Renette Pauline Soutendijk, known as Renée Soutendijk (born 21 May 1957), is a Dutch actress. She was a favorite star of director Paul Verhoeven's films and is perhaps best known for her work in his 1980 release Spetters. Her good looks and striking blond hair secured her status as a Dutch sex symbol in the 1980s. She has also played a number of television and stage roles, and is one of the leads in the 2012 RTL 4 television series Moordvrouw.

A former gymnast, Soutendijk made her television debut in the Dutch television series Dagboek van een herdershond (1979–1980). She began her film career playing sexy blonde heroines in the Paul Verhoeven-directed cult films Spetters (1980) and The Fourth Man (1983). Spetters established her as a sex symbol; the movie and its star attracted attention in the United States as well, and The New York Times saw her "stylish performance" of a "compelling character" as a focal point of the movie. In the early 1980s, Soutendijk, Monique van de Ven, and Willeke van Ammelrooy were the three best-known actresses in Dutch cinema, and most movies featured one of the three. The movie that marked her breakthrough as an actress in a major role, though, is considered to be The Girl with the Red Hair (1981), in which she played Dutch resistance fighter Hannie Schaft. From 1981 to 1989 she played in Zeg 'ns Aaa, one of the longest-running and most popular Dutch sitcoms.

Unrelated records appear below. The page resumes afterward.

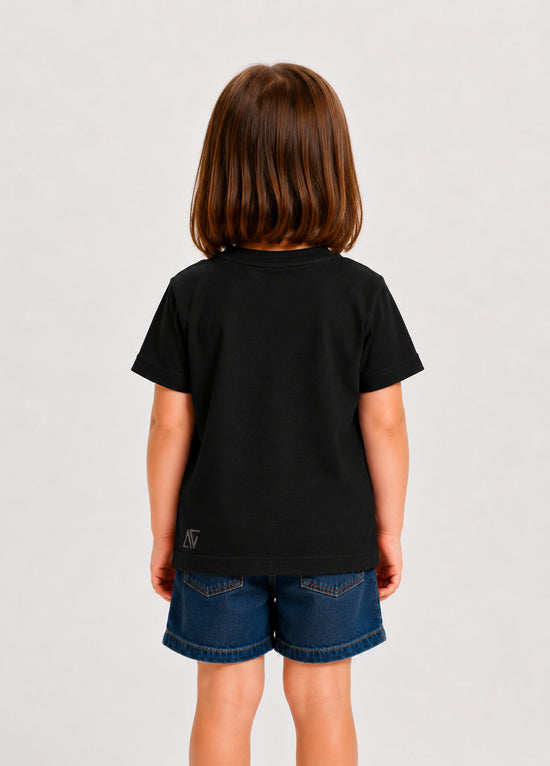 Unisex Kids Black Trouble T-Shirt 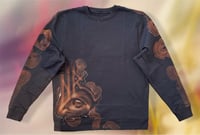 Image 1 of “BONED” CUSTOM BLEACH PAINTED PULLOVER SWEATER XL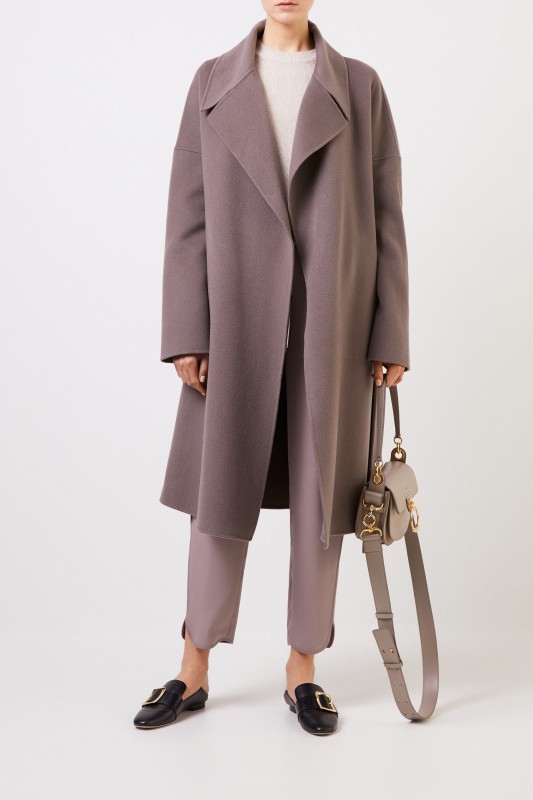 Cashmere-Mantel 'Eirin' mit Gürtel Taupe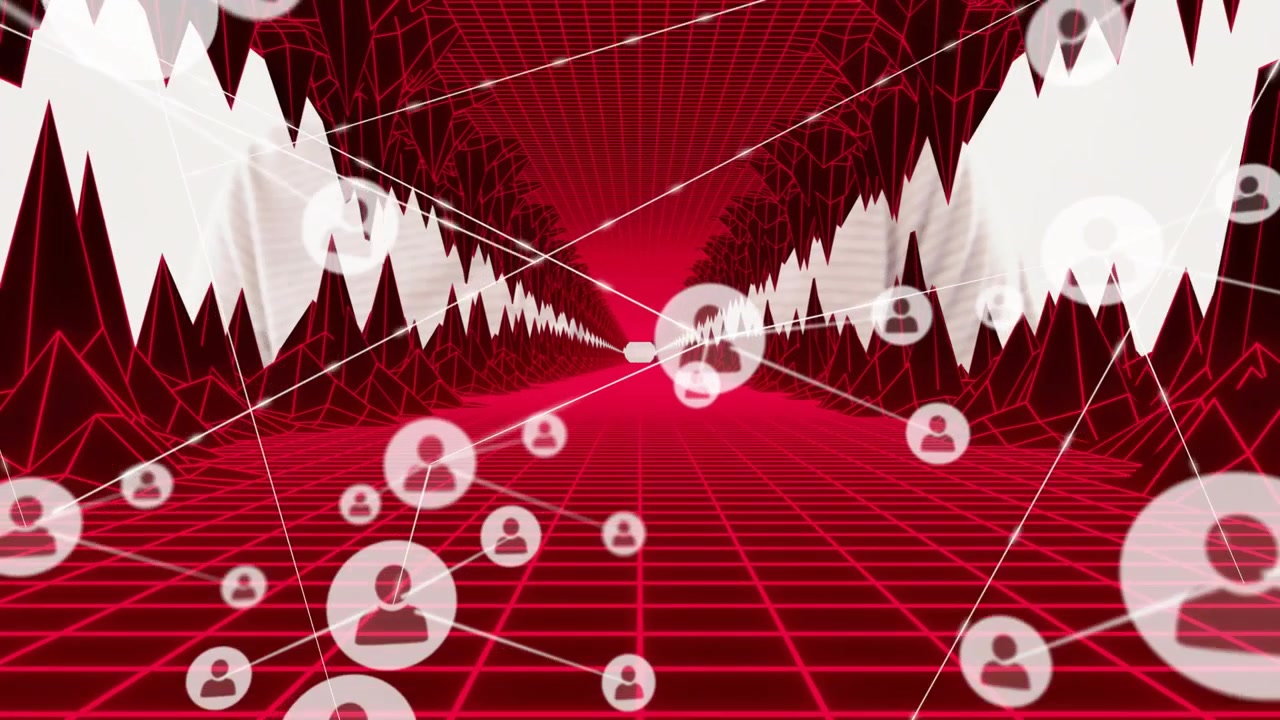 Avatar centrale che si attiva, avatar che si generano e si collegano tramite linee tecnologiche per formare una rete su una griglia rossa.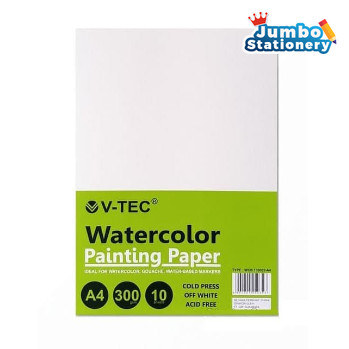 

WATERCOLOR PAINTING PAPER V-TEC A4 300 GSM OFF WHITE - WCB103000
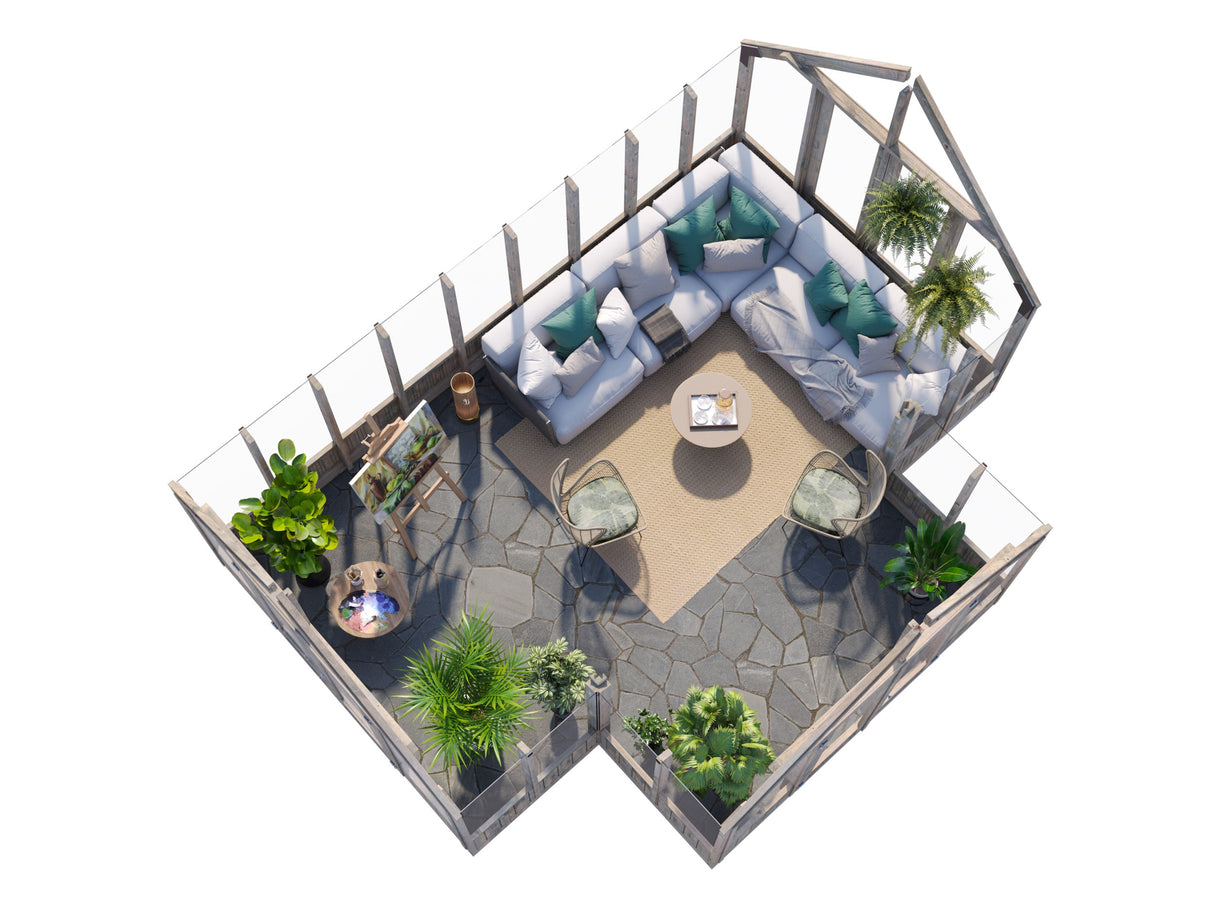 Emilia XL (4.2x5.4m | 19.1m2 | 18mm) Large T-Shaped Premium Greenhouse (Pressure Treated) - Palmako UK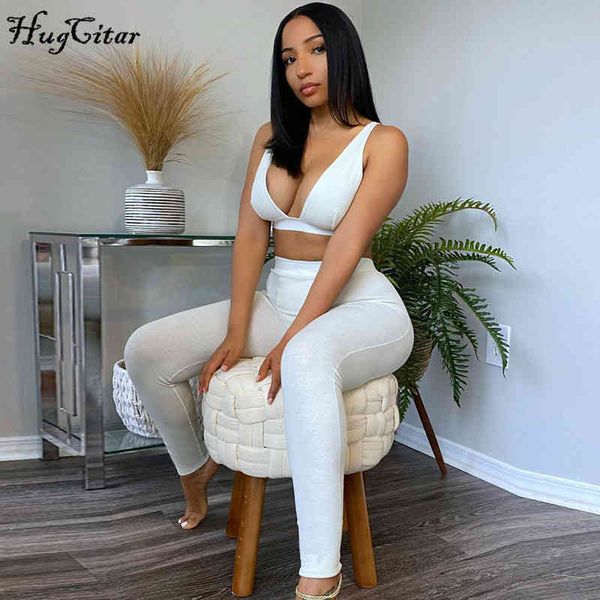 Women's Tracksuits Hugcitar Sleeveless V-Neck Crop Tops Leggings 2 Pieces Set Summer Women Fashion Streetwear Outfits Sportswear Tracks, Gray 
Women's Tracksuits Hugcitar Sleeveless V-Neck Crop Tops Leggings 2 Pieces Set Summer Women Fashion Streetwear Outfits Sportswear Tracks, Gray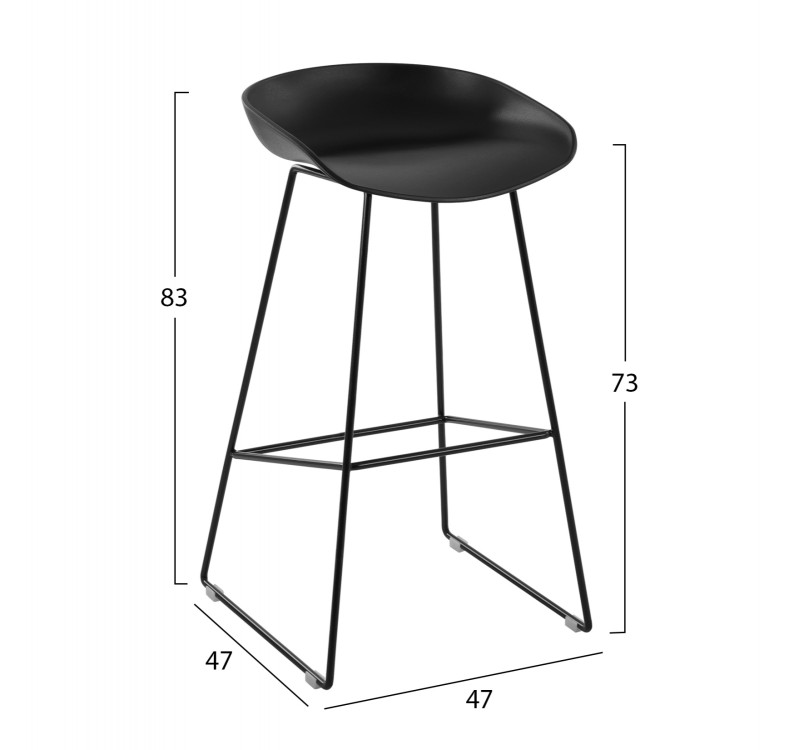 ΣΚΑΜΠΟ ΜΕΤΑΛΛΙΚΟ NAILA HM8450.02 ΜΕ ΚΑΘΙΣΜΑ PP ΜΑΥΡΟ 47x47x83 εκ.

Soutendijk's first English-language role was as Eva Braun in the made-for-TV movie Inside the Third Reich. Her subsequent TV movie roles included Anna Mons in Peter the Great (1986) and Mrs. Simon Wiesenthal in Murderers Among Us (1989). She sought a career in Hollywood and lived in the United States for a year and a half, taking her six-year-old daughter Caro with her but leaving her husband in Amsterdam. She played opposite Academy-award nominee Chris Sarandon in the Holocaust-themed movie Forced March (1989), and the title character in Eve of Destruction (1991). According to Soutendijk, she was screen tested when other American actresses were reluctant to take on such an action-packed role; producers were reluctant to hire a relatively unknown actress "with an unpronounceable surname", so director Duncan Gibbons had to finance her himself. But she returned to the Netherlands, unhappy with the prospects offered her (a seven-year contract for a Star Trek series, she later said) and with the strain it placed on her marriage.